*** Opening of Supplied material ***

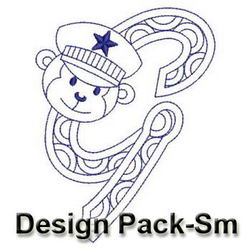 Redowrk Monkey Alphabets(Sm) machine embroidery designs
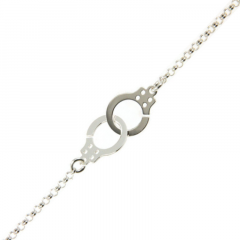 Bracelet menottes mini Argent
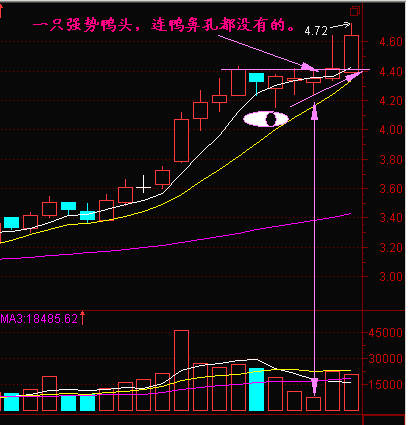 鸭嘴k线形态图图片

*** Close of Supplied material ***

> Work instructions: Restate the data word for word while omitting each picture.

> Answer below:
 Redowrk Monkey Alphabets(Sm) machine embroidery designs
 Bracelet menottes mini Argent
 鸭嘴k线形态图图片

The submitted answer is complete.